Lezioni popolari

La scorsa settimana, ci sono stati due pronunciamenti popolari che fanno riflettere. Nella Repubblica Ceca, la destra, nelle sue varie espressioni, ha stravinto le elezioni politiche, relegando i socialdemocratici al terzo posto. In Lombardia e Veneto, i referendum per una maggiore autonomia hanno dato risultati non entusiasmanti, certo, ma comunque chiari. Quella brava persona che è il Presidente Maroni, ci ha tenuto a dire che la faccenda non ha niente a che vedere con la Catalogna, e neppure il Veneto pensa al separatismo (anche se di Zaia mi fiderei molto meno). Ma, insomma, l’insofferenza di parti importanti del Paese verso il centro è palese.

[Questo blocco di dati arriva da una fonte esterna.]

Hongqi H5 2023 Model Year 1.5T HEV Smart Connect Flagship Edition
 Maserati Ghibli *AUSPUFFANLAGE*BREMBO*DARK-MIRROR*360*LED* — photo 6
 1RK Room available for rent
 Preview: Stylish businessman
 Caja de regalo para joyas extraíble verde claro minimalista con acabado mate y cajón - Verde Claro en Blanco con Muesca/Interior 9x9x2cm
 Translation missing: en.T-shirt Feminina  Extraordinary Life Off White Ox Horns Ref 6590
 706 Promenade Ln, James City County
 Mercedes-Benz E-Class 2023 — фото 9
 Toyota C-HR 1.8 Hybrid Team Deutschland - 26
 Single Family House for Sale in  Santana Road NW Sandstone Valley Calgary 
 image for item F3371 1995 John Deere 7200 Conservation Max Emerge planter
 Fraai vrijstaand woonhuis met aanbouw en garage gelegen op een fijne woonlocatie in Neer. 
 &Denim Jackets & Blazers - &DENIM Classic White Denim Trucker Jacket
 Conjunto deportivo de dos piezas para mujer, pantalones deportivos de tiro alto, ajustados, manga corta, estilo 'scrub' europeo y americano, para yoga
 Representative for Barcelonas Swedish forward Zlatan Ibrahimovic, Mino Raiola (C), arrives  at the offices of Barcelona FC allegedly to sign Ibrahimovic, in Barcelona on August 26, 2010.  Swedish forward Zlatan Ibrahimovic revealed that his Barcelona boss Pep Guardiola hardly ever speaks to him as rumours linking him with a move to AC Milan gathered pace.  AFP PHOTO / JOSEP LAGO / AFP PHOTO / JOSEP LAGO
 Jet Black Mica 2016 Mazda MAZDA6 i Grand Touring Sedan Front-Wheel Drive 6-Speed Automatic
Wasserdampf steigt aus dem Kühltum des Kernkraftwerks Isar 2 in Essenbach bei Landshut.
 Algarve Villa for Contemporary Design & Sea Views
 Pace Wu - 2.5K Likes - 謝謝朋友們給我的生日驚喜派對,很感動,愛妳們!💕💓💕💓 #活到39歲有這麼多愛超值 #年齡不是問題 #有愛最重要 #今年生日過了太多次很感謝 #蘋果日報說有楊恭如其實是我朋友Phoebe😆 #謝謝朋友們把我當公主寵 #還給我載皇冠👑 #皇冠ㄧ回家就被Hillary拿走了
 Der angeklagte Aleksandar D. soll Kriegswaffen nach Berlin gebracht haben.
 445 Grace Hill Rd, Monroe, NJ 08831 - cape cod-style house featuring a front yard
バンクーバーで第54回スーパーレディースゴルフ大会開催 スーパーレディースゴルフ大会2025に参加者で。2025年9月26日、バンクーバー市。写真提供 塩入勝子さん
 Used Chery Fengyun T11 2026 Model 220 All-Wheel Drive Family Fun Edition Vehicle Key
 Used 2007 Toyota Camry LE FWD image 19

Il caso ceco va visto da vicino. La Repubblica Ceca è uno dei Paesi più prosperi dell’UE, ha una crescita annuale superiore al 3% del PIL, la disoccupazione è limitatissima (2,5%). Non è dunque l’economia il motore della corsa a destra. Di solito lo è la sicurezza, legata ai problemi di immigrazione. Questo fattore avrà certo giocato, ma in quel Paese l’immigrazione è, relativamente, limitata. E dunque? Dunque la parola d’ordine è stata la riconquista di una maggiore autonomia nazionale rispetto all’Europa. In sostanza, una sorta di sciovinismo tipo inglese. Irrazionale, forse, ma che non fa che confermare l’insofferenza crescente in certe marche europee e il sempre più robusto “vento di destra” che pare traversare quella parte d’Europa.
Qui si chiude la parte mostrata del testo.